The structure of joints is fibrous, cartilaginous and synovial. Fibrous consist of tough collagen fibers, such as the sutures of the skull. Cartilaginous are groups of cartilages that connect bones to each other, for example diarthrosis between the ribs and costal cartilage, intervertebral discs.

Synovial - filled with synovial fluid, which absorbs the load. With its deficiency, the preconditions for arthrosis of the hip, knee or other joint with high mobility are formed.

What are joints made of and what function do they perform? Briefly - in the video:

Treatment

Complex conservative therapy is used, which may include:

  • Drug treatment of hip bursitis - depending on the symptoms, painkillers, anti-inflammatory drugs, glucocorticosteroids and antibiotics are prescribed (for purulent and infectious inflammation). Medicines can be in different forms of release, administered by injection, and their effect will be enhanced by physiotherapeutic procedures.
  • Physiotherapy using various methods: laser, magnetic and ultrasound therapy, electrophoresis, galvanization, darsonvalization, procedures with interference currents and other physiotherapeutic methods at the discretion of the doctor. They improve blood circulation and lymphatic drainage in the area of ​​inflammation, provide pain relief, reduce inflammation, relax muscles and enhance the penetration and effect of drugs.
  • Taping, wearing an orthosis and other methods to reduce the load and support the joint, ensure its immobility - this is especially effective for new-onset acute bursitis.
  • Acupuncture (acupuncture, acupuncture) – effects on biological active points on the body.
  • Therapeutic massage and manual therapy are procedures that effectively reduce pain, swelling and serve for the treatment and prevention of a wide variety of joint diseases.
  • Physical therapy is a set of exercises that will speed up the healing process. They activate blood circulation and lymph flow, reduce pain and inflammation. Treatment with movement is especially important for the chronic form of the disease and prevention of relapses. Measurement is important - not every exercise will help. With bursitis that appears due to heavy physical activity, on the contrary, you need to provide rest to the joint and reduce stress. What exercises will the exercise therapy doctor recommend, and the training itself in the exercise therapy room with an instructor will be more effective and safe than independent exercise at home.
  • Surgical intervention - drainage of pus from the bursa and washing of the capsule with antiseptic drugs, antibiotics, removal of the bursa in case of acute inflammation with the risk of rupture of the bursa membrane and spillage of pus into adjacent periarticular tissues. Thus, surgical treatment of trochanteric bursitis of the hip joint allows a person to return to physical activity without restrictions several months after treatment.

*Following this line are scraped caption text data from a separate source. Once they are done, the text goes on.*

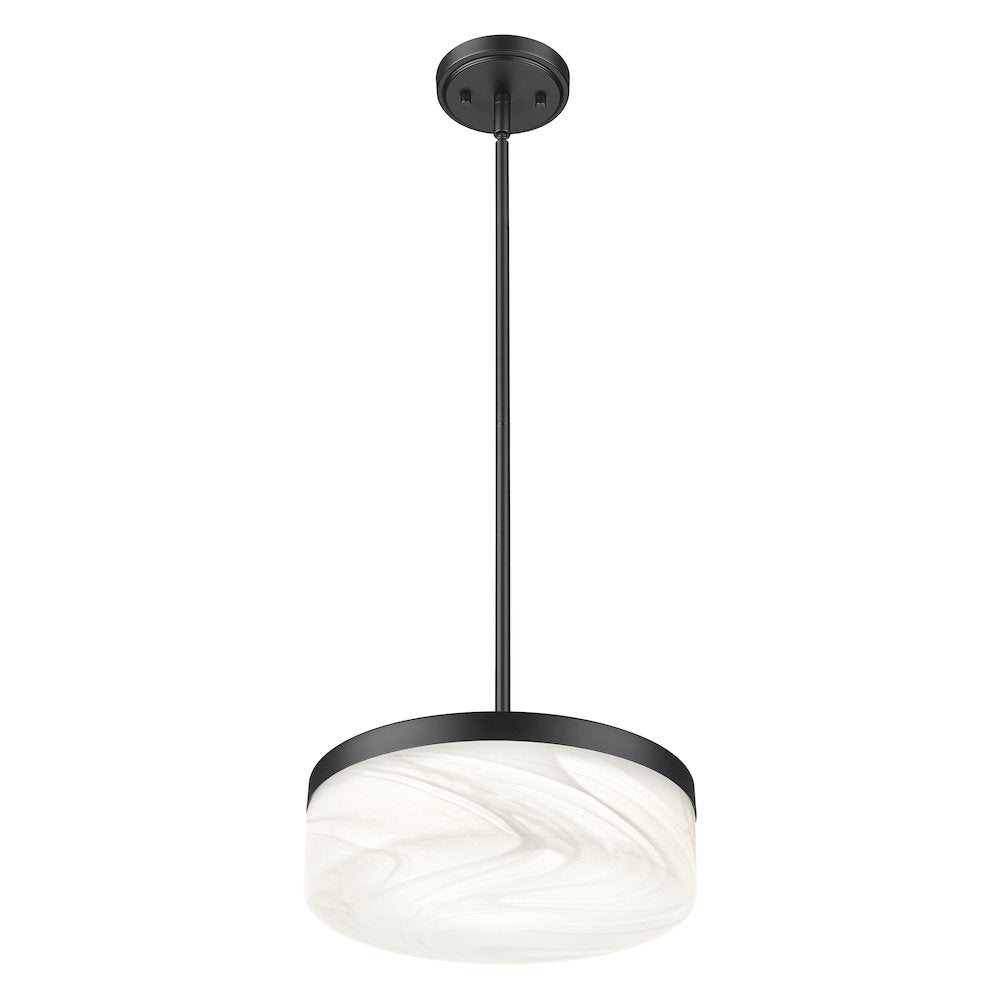 Z-Lite 1 Light Pendant, Matte Black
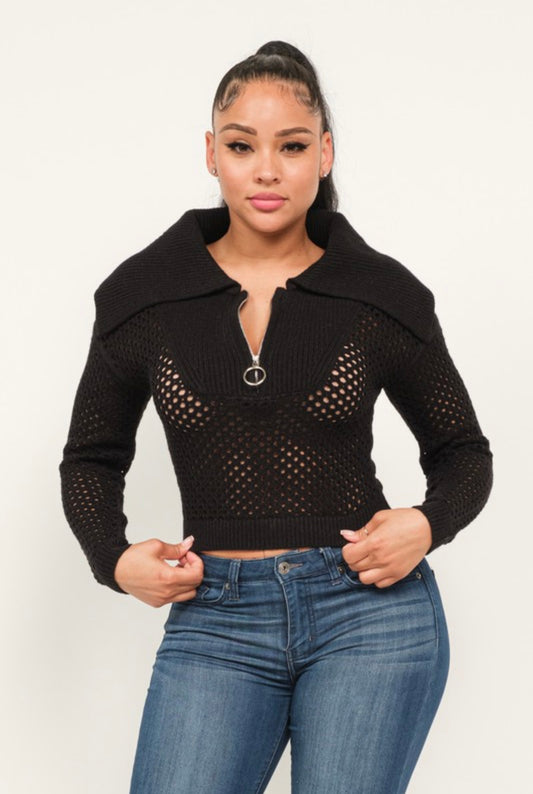 Quarter Zip Open Knit Crop Sweater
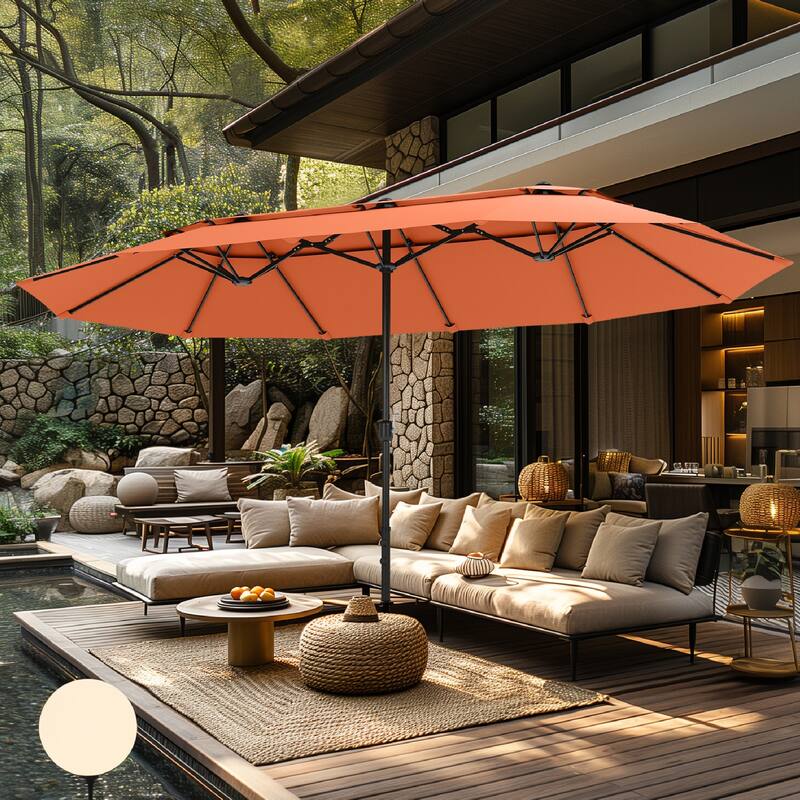 MAISON ARTS 15ft 2-Tier Large Patio Umbrella with Solar Lights, Double-Sided Outdoor Market Umbrellas with Base Included - OrangeRed-NoLights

In general, the prognosis for the treatment of bursitis is positive - inflammation can be relieved by various methods and complications such as tissue sepsis, the formation of fistulas, the development of arthritis and osteomyelitis and other pathologies can be avoided. But much depends on the patient himself - how quickly he sought help, how he adheres to the doctor’s recommendations.

Therapy is aimed not only at relieving inflammation and improving mobility in the joint, but also at treating the cause of inflammation so that there are no relapses. It determines which doctor treats hip bursitis - only an orthopedic traumatologist or will require the participation of an immunologist and other doctors.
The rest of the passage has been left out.